There is a lot of hype out there about the impact that blockchain technology will have on the real estate industry. There is no doubt that blockchain will be revolutionary over the long term, but its impact in the short term is much more limited. Spencer Compton and Diane Schottenstein have written an article for Law360 (unfortunately, behind a paywall), How Blockchain Can Be Applied To Real Estate Law, that provides a nice overview of where blockchain stands today in the real estate industry. It opens,
Real estate transactions are steeped in traditions that have hardly changed over hundreds of years. Today, as computer-based property recording systems are prevalent in our cities but roll out at a snail’s pace in rural areas (often hindered by strained municipal budgets), and e-signatures are little used (due to legitimate fears of fraud), arguably the real estate closing process has lagged in its use of computer aided technology. Yet other aspects of real estate ownership have been transformed by the internet: smart home technology to remotely control heating and lighting and monitor security; Airbnb which increases the value of real estate ownership and disrupts the hotel industry; and the real estate brokerage community’s design/photographic/communication technology to list and virtually show properties. Now add to our brave new world blockchain, a cloud-based decentralized ledger system that could offer speed, economy and improved security for real estate transactions. Will the real estate transaction industry avoid or embrace it?
What is blockchain?
Blockchain is best-known as the technology behind bitcoin, however bitcoin is not blockchain. Bitcoin is an implementation of blockchain technology. Blockchain is a data structure that allows for a digital ledger of transactions to be shared among a distributed network of computers. It uses cryptography to allow each participant on the network to manipulate the ledger in a secure way without the need for a central authority such as a bank or trade association. Using algorithms, the system can verify if a transaction will be approved and added to the blockchain and once it is on the blockchain it is extremely difficult to change or remove that transaction.

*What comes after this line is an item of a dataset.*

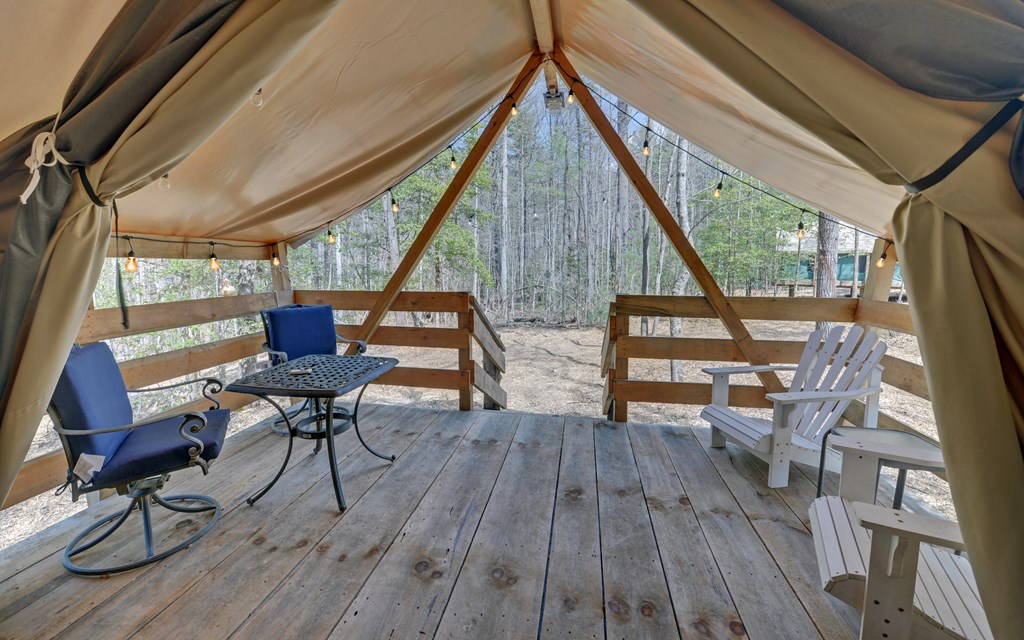 420389 Suches Residential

A blockchain can be an open system or a system restricted to permissive users. There can be private blockchains (for ownership records or business transactions, for instance) and public blockchains (for public municipal data, real estate records etc.). Funds can be transferred by wires automatically authorized by the blockchain or via bitcoin or other virtual currency. Transparent, secure, frictionless payment is touted as one of blockchain’s many benefits.
The article goes on to answer the following questions:
- How does a blockchain differ from a record kept by a financing institution or a government agency?
- How is a blockchain transaction more secure than any other transaction?
- How widely is blockchain used?
- How blockchain is being used to record real property instruments?
- How might blockchain affect the role of title insurance companies?
If the impact of blockchain on the real estate industry has mystified you, this primer will give you an overview of where things stand today and maybe tomorrow too.